On the 14th I wrote here:

     As Jacque has noted here many times, the RQCC is a part of
     their workflow process but not all of it.  Internally they
     use different systems for tracking progress, updating the
     RQCC in batches as time permits.

     You'll notice that every few months Oliver goes through
     the RQCC and marks dozens of things fixed in the span of
     a few hours.  It's not that the team was sitting around
     drinking for months and then suddenly got a burst of
     energy and did everything in one day, but just that the
     system that helps them best internally is separate from
     the public convenience they provide in the RQCC.

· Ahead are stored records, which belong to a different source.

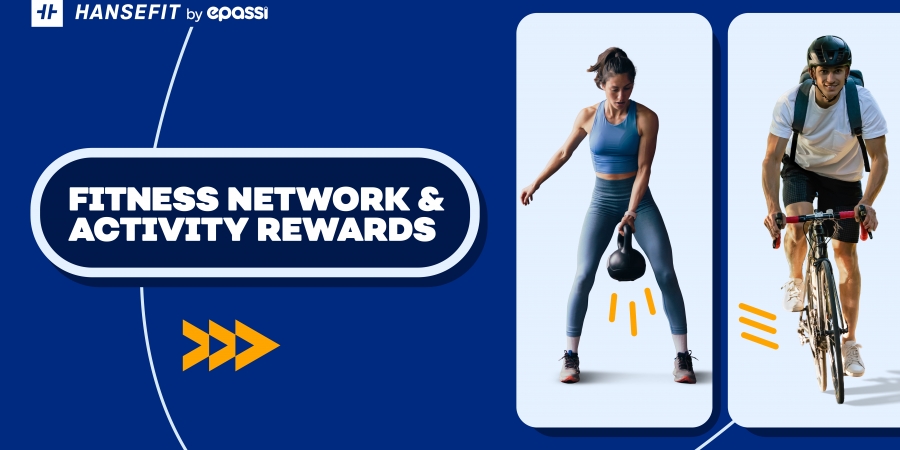 Firmenfitness-Produkterweiterung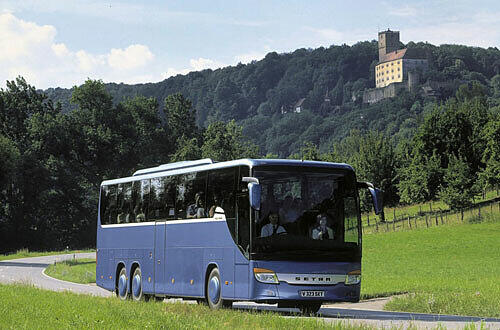 Busreisende suchen kleine Überraschungen, verbunden mit Sicherheit und Komfort. Foto: GBK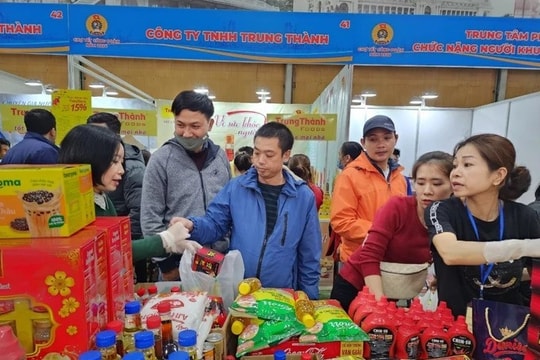 Các hoạt động chăm lo thiết thực cho người lao động dịp Tết 2026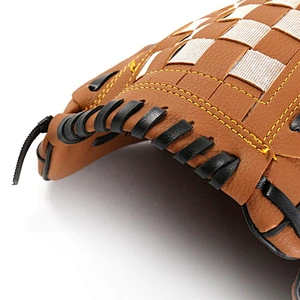 Soft Leather Durable Baseball Batting Gloves Baseball Pitcher Gloves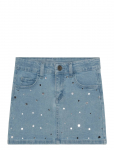 Minymo - Skirt Denim - Teksaseelikud - 140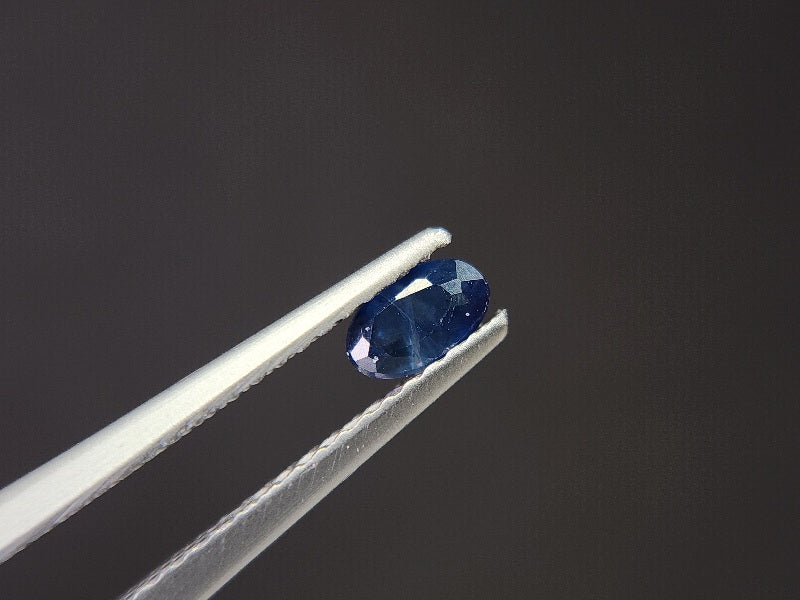 0154-10　バイカラーサファイア　0.31ct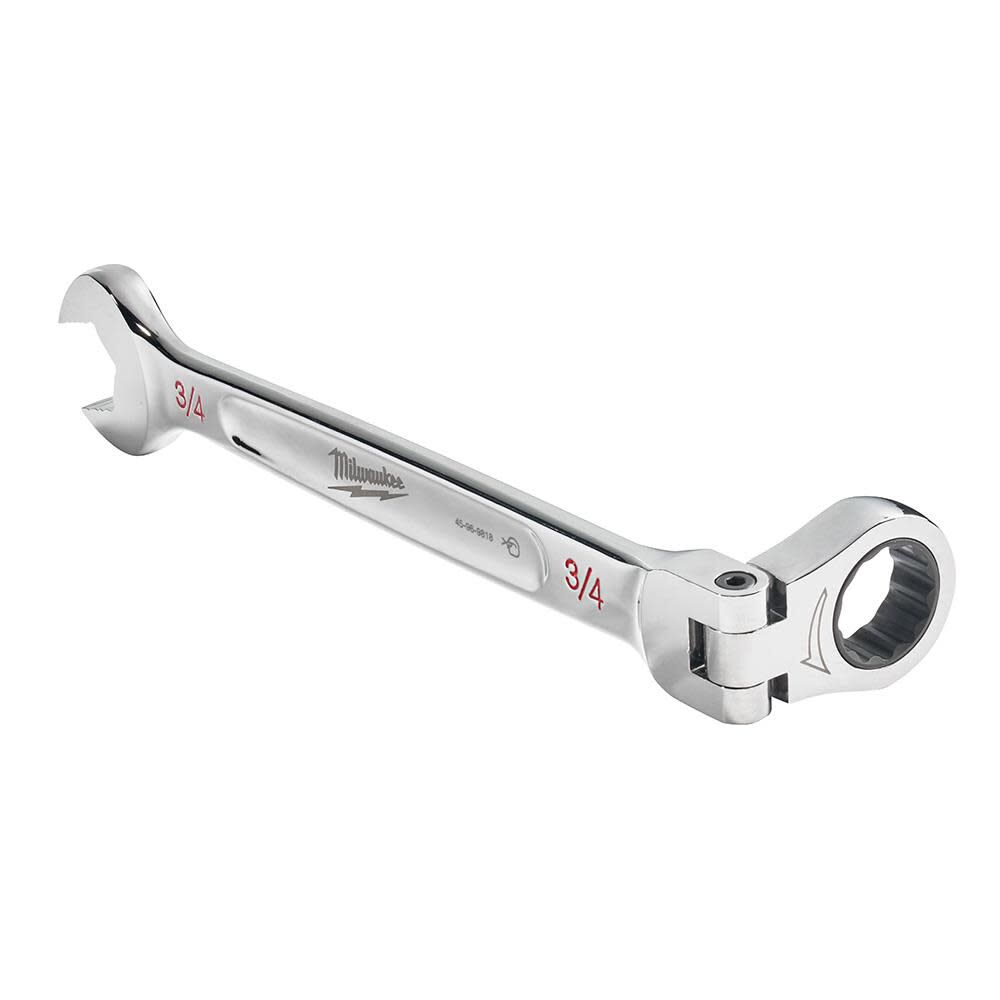 MW Combination Wrench Flex Head 3/4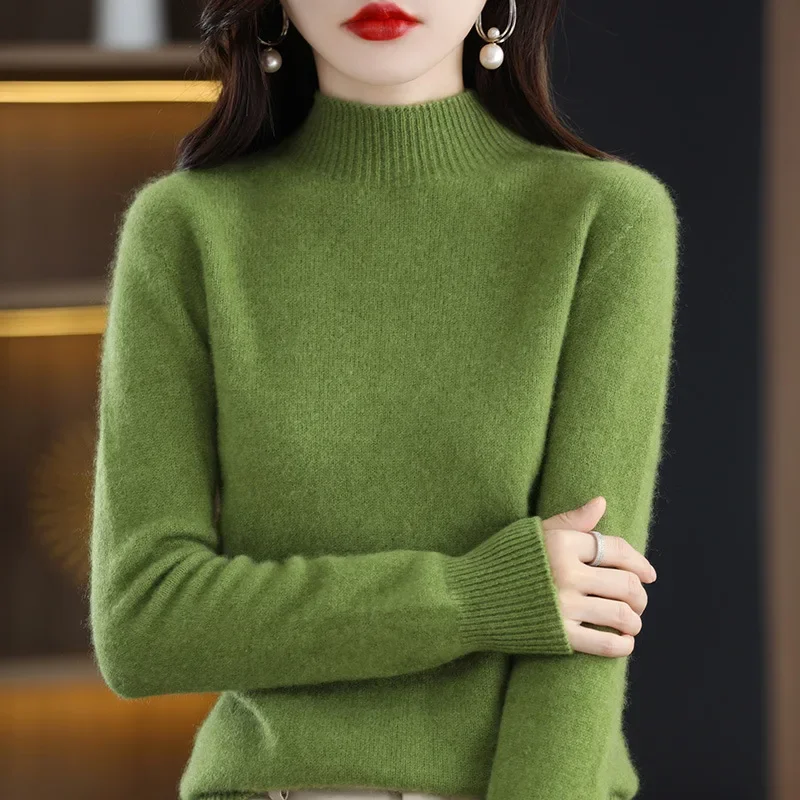 Autumn Winter Women Sweater Ko - Thermal Long John recensie en prijs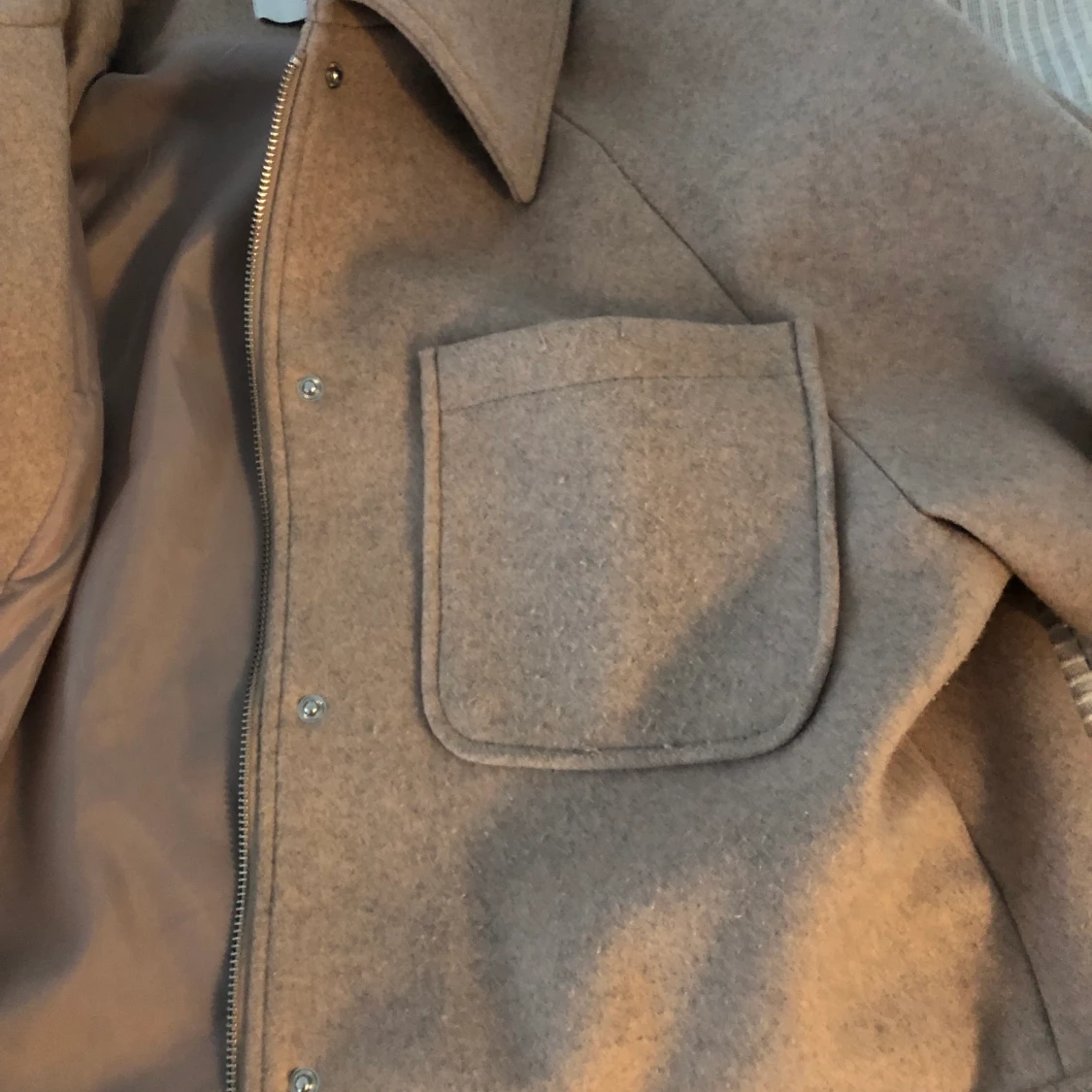 Oversized jacka NA-KD  - 90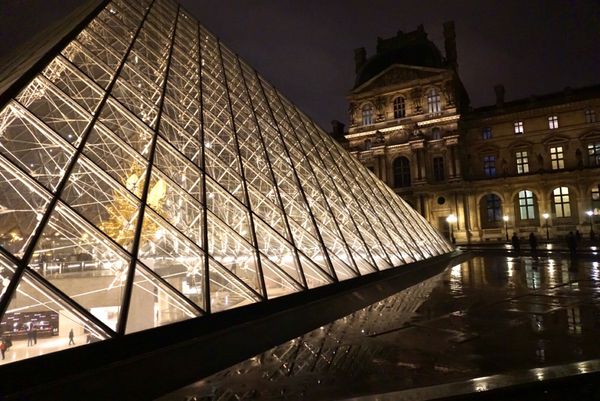 フランス「フランス」の写真：建築も街並みも圧巻で、もっと時間が欲しか...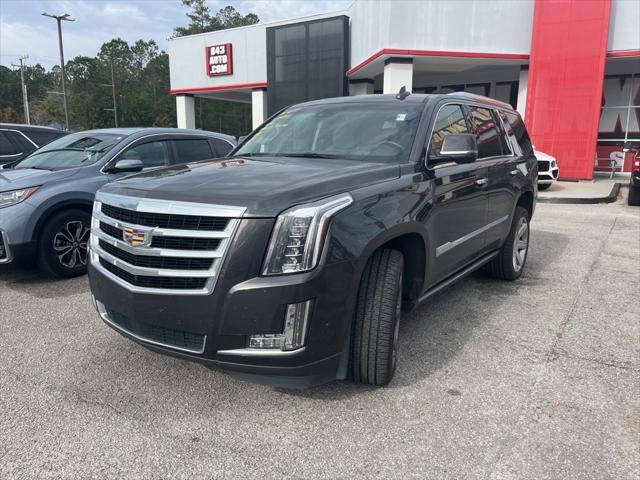 2017 Cadillac Escalade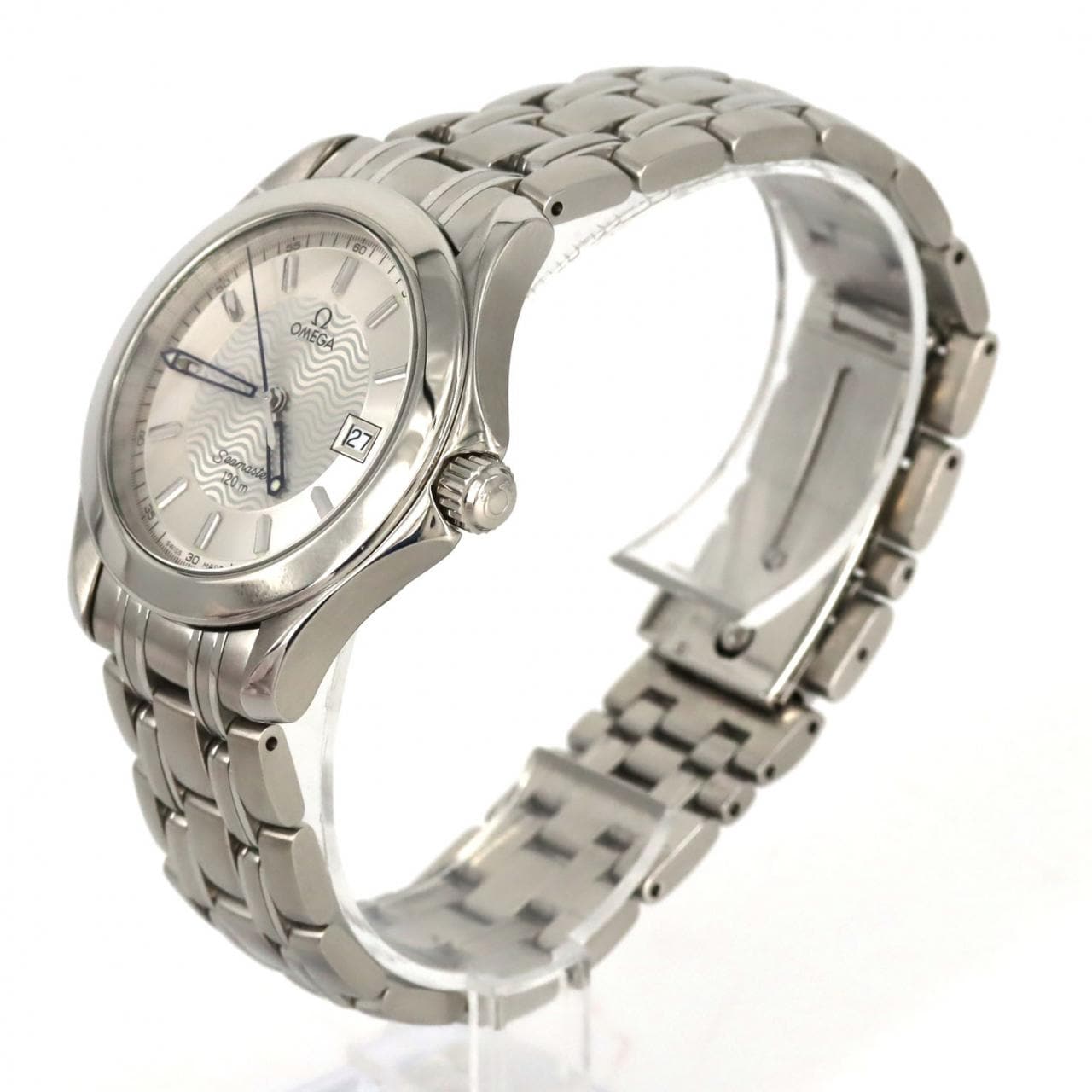 オメガ シーマスター120 2511.31 SS クォーツ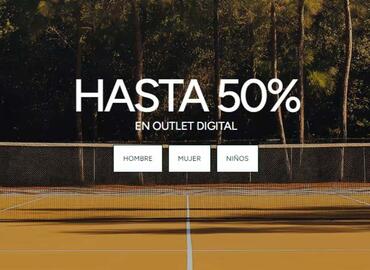 Catálogo Lacoste Página 1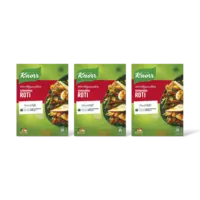 Knorr Wereldgerechten Surinaamse roti 3-pack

These two bug reports are good examples:

<http://quality.runrev.com/qacenter/show_bug.cgi?id=6264>
<http://quality.runrev.com/qacenter/show_bug.cgi?id=7490>

One notes anomalies with the size of default buttons on Windows and 
Linux, and the other with OS X and Linux.  The Win and OS X default 
button size issues were addressed long ago, and I know from contact with 
the team that the Linux variant of that bug has been addressed recently 
for v4.5 (see my post with screen shots from the team at 
<http://mail.runrev.com/pipermail/use-revolution/2010-July/143647.html>).

Those two reports are effectively duplicates, but have not been marked 
as such.  Moreover, half of each was addressed a long time ago, and the 
other half recently, yet both still have a status of "New".

I can fully appreciate why they use a different tool for tracking 
changes internally and why they don't make that public, and given that I 
can also understand that updating the status field for reports in the 
RQCC is a back-burner project done only as time permits, usually in 
batches and almost always long after the issue's status had actually 
changed.

Without knowing the specific reports in question I have no opinion on 
those, but in general a key factor that makes the RQCC problematic is 
merely one of expectations management:  if there was a header at the top 
of each page there that noted that the RQCC is provided only as a 
convenience for the community and not reflective of actual progress, 
then folks could use it for what it is without expecting it to be 
something else.

This ongoing topic is illustrative of the reason so very few companies 
have any sort of public bug database at all.

Personally, I like having access to the RQCC, warts and all.  I find it 
helpful for a general gauge of scope, and some of the details posted in 
reports have been very useful in helping me find workarounds I need to 
get through the day.

But if RunRev decided to follow the convention used by the rest of the 
industry in not publishing any bug database, I would understand.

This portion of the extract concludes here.